Despite improvements in operative techniques and perioperative care, post-hepatectomy liver failure (PHLF) remains the most serious cause of morbidity and mortality after surgery, and several risk factors have been identified to predict PHLF. Although volumetric assessment using imaging contributes to surgical simulation by estimating the function of future liver remnants in predicting PHLF, liver function is assumed to be homogeneous throughout the liver. The combination of volumetric and functional analyses may be more useful for an accurate evaluation of liver function and prediction of PHLF than only volumetric analysis.
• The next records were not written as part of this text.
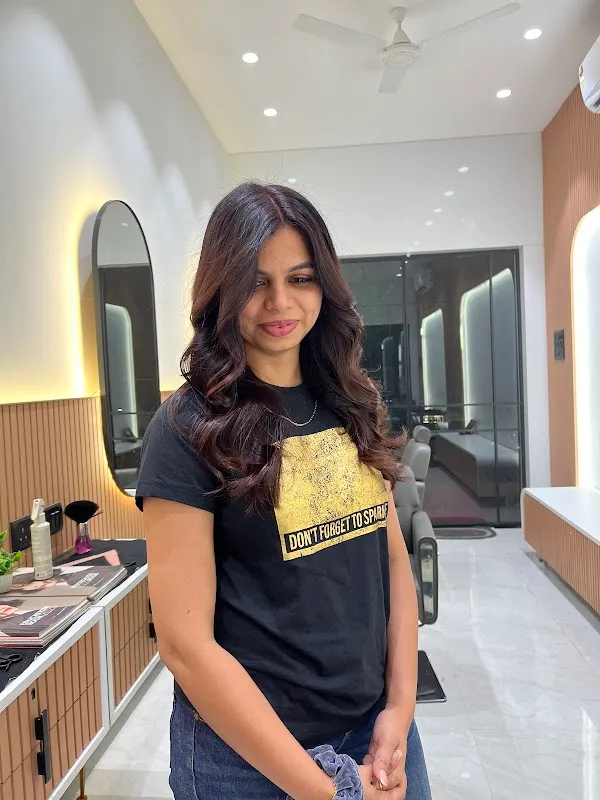 Al Saba unisex salon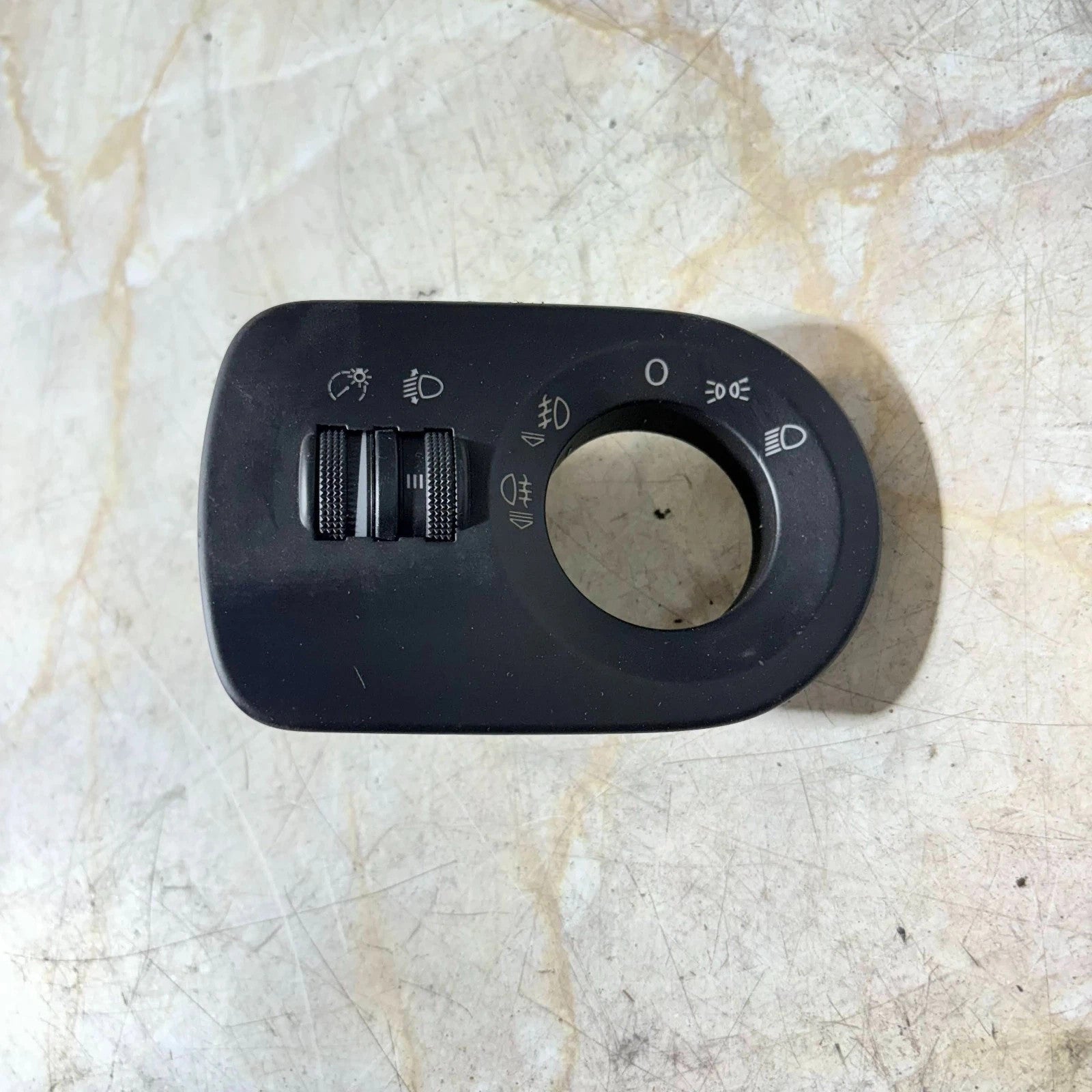 Seat Leon 06-13 Altea 04-15 Toledo 05-09 Headlight Level Switch 5P0919094A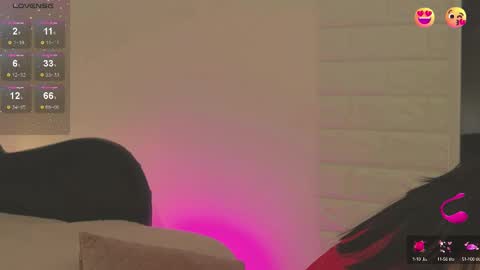 lizasunshine__ online show from March 7, 1:18 pm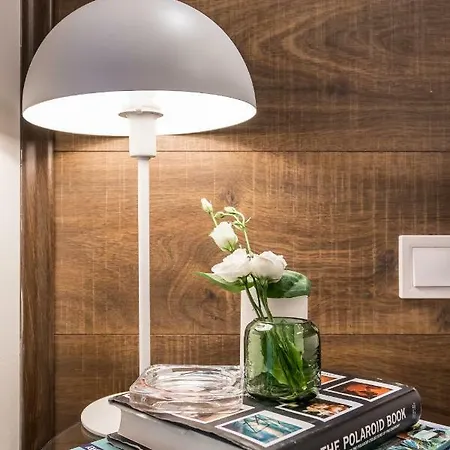 Bpr Luxurious & Stylish Duplex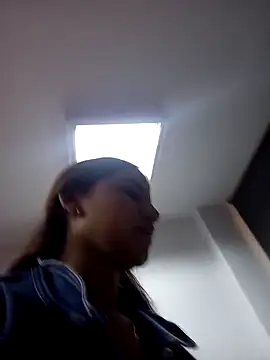 AnthonelaDuque online show from 12-18-25, 11:38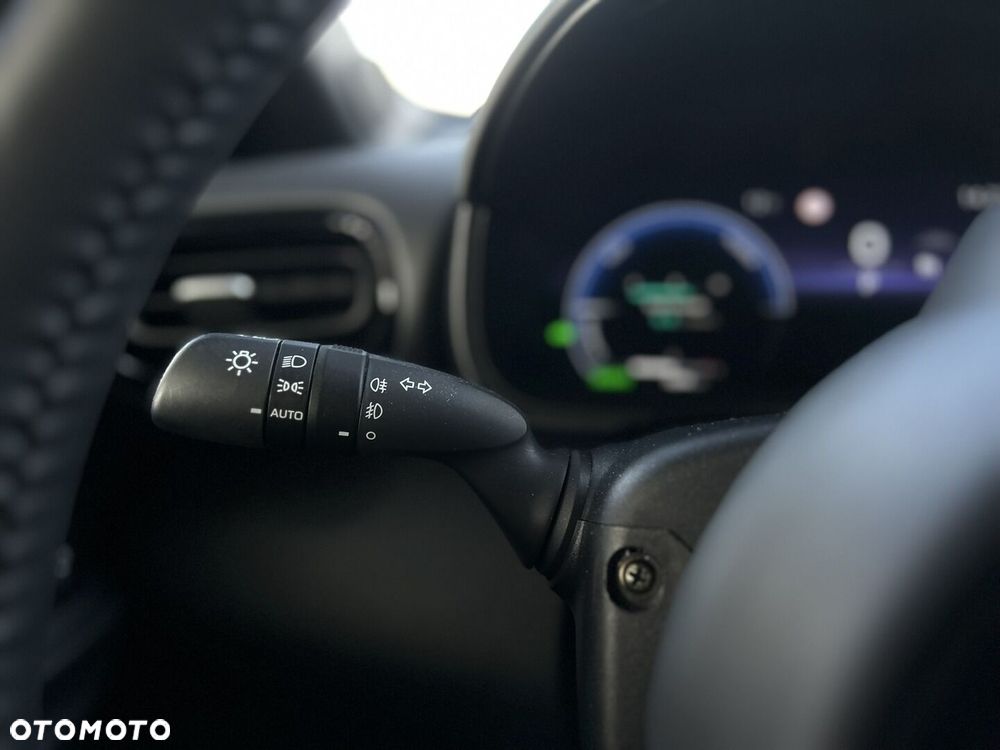 Toyota Yaris Hybrid 1.5 Executive - 28
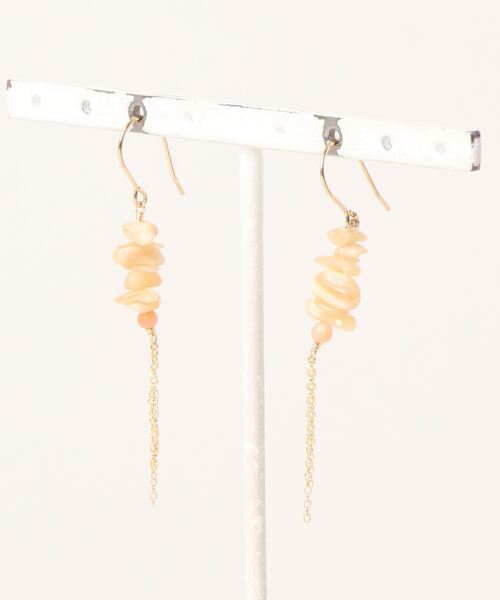 tone(トーン)の「【L.amiche】マザーオブパール×14kgfピアス(ピアス(両耳用)・レディース・ベージュ・FREE)」の4枚目の写真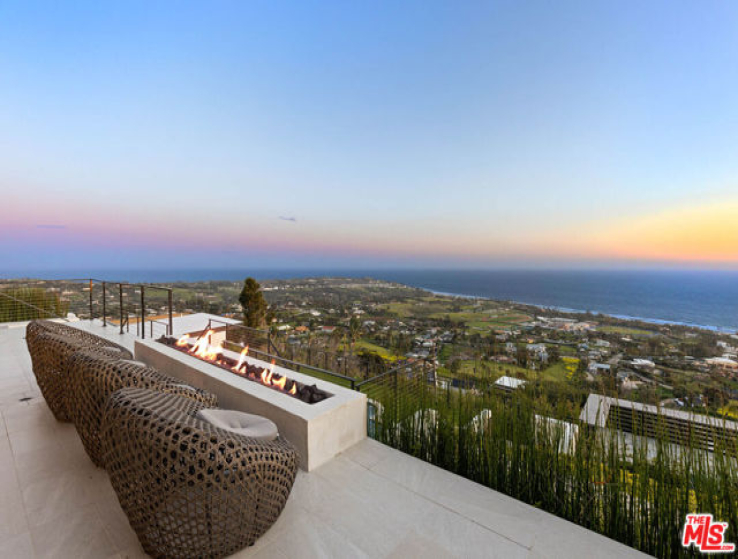 5 Bed Home to Rent in Malibu, California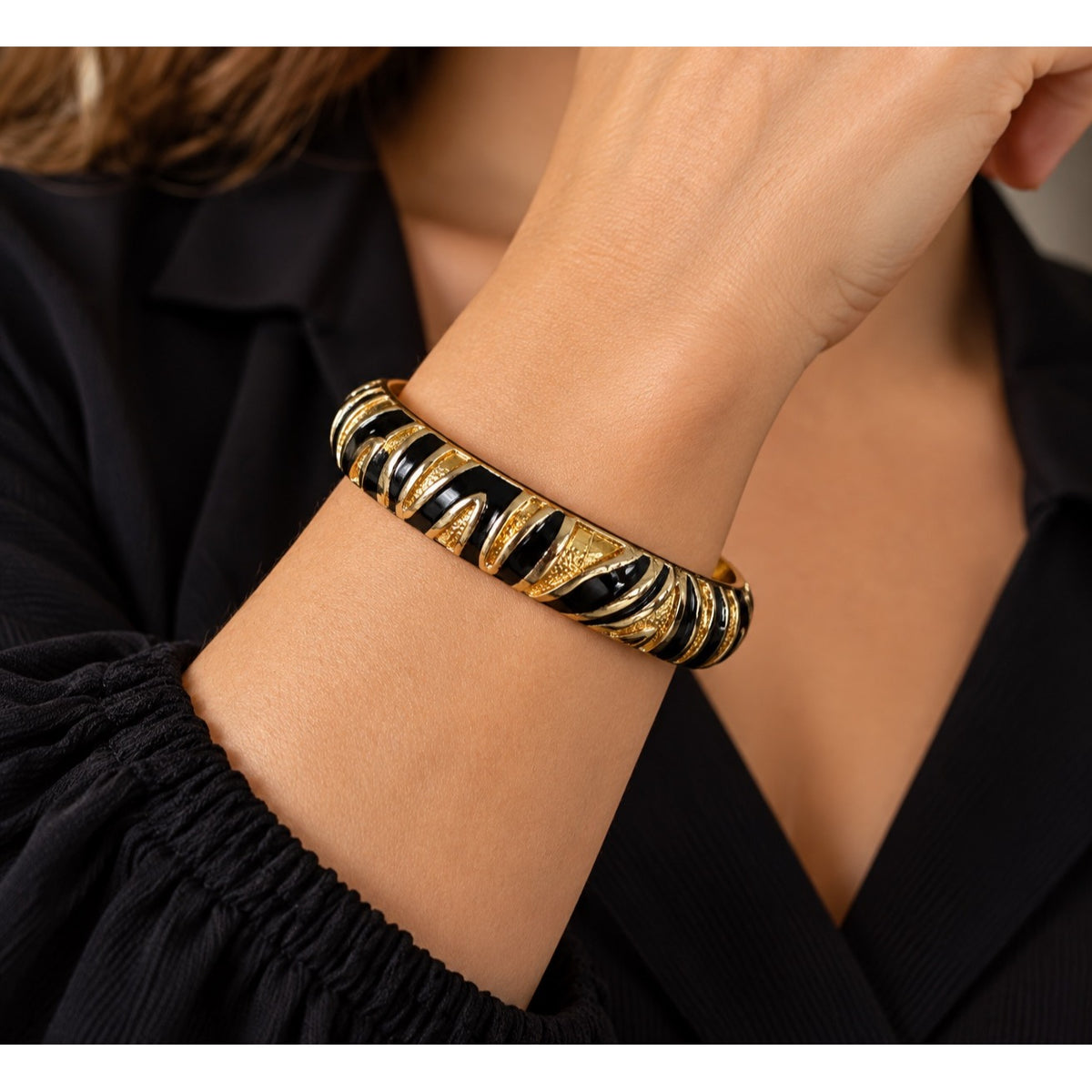 Vintage Black Enamel Gold Tone Hinged Clamper Bangle Bracelet 1980s 1990s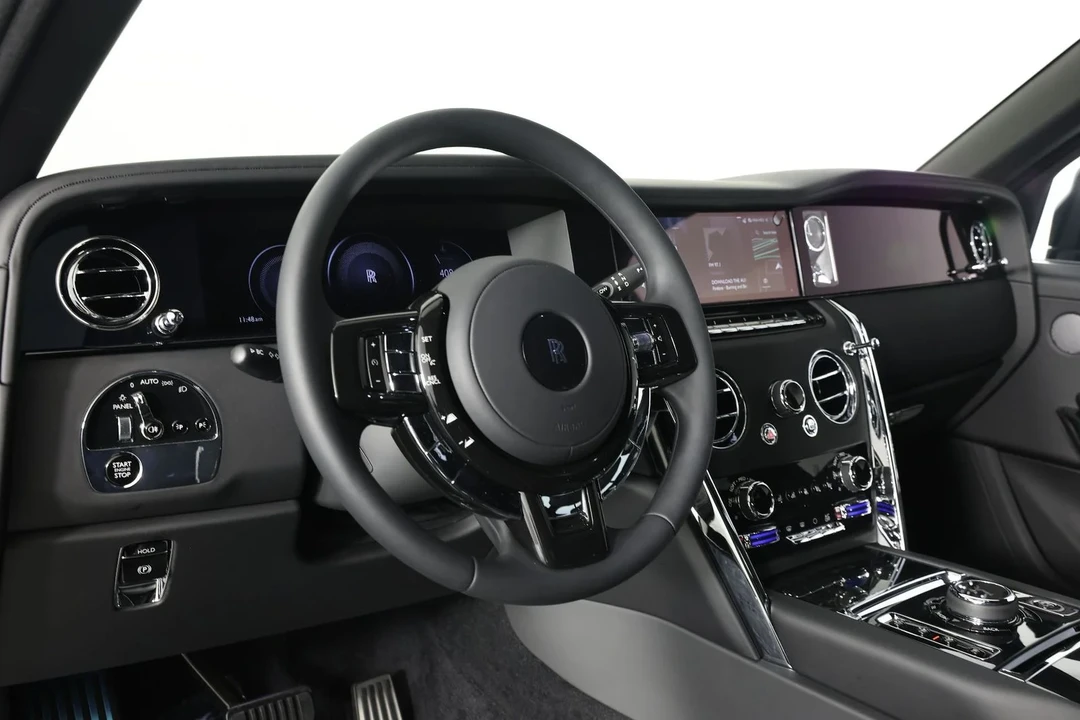 2027 Rolls-Royce Cullinan - Image 3 of 31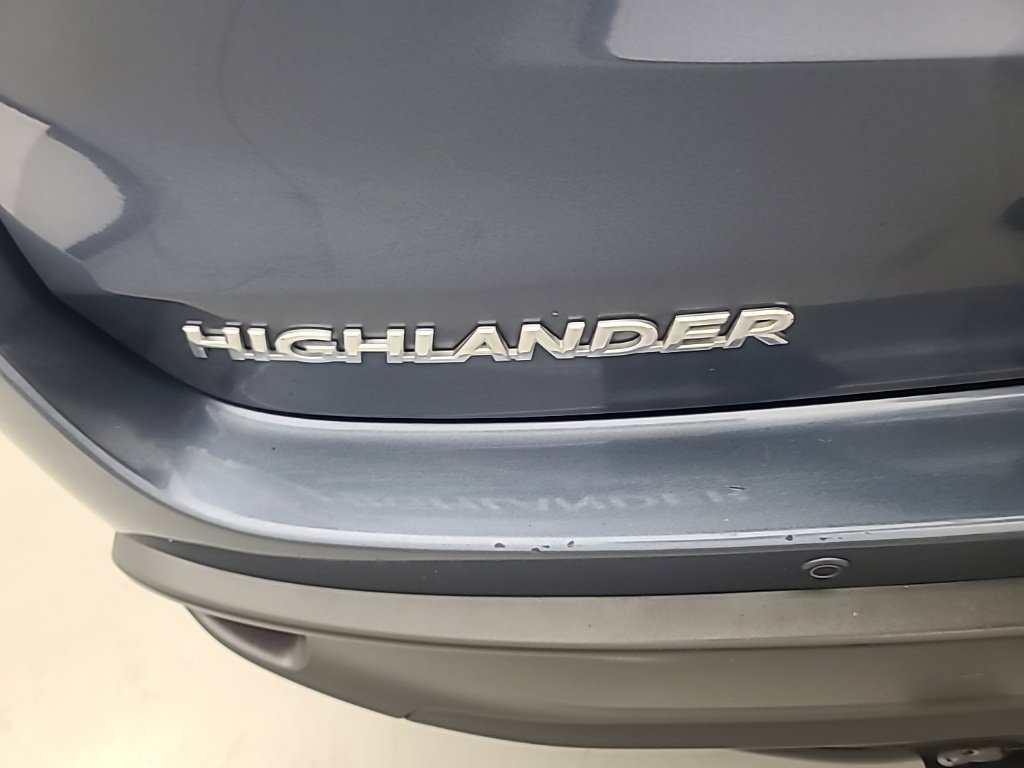 Used 2014 Toyota Highlander Limited FWD image 10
Gadoxetic acid is a hepatocyte-specific magnetic resonance (MR) contrast agent that is taken up by hepatocytes via the OATP1 transporter after intravenous administration. Gadoxetic acid-enhanced MR imaging (MRI) offers information regarding both global and regional functions, leading to a more precise evaluation even in cases with heterogeneous liver function. Various indices, including signal intensity-based methods and MR relaxometry, have been proposed for the estimation of liver function and prediction of PHLF using gadoxetic acid-enhanced MRI. Recent developments in MR techniques, including high-resolution hepatobiliary phase images using deep learning image reconstruction and whole-liver T1 map acquisition, have enabled a more detailed and accurate estimation of liver function in gadoxetic acid-enhanced MRI.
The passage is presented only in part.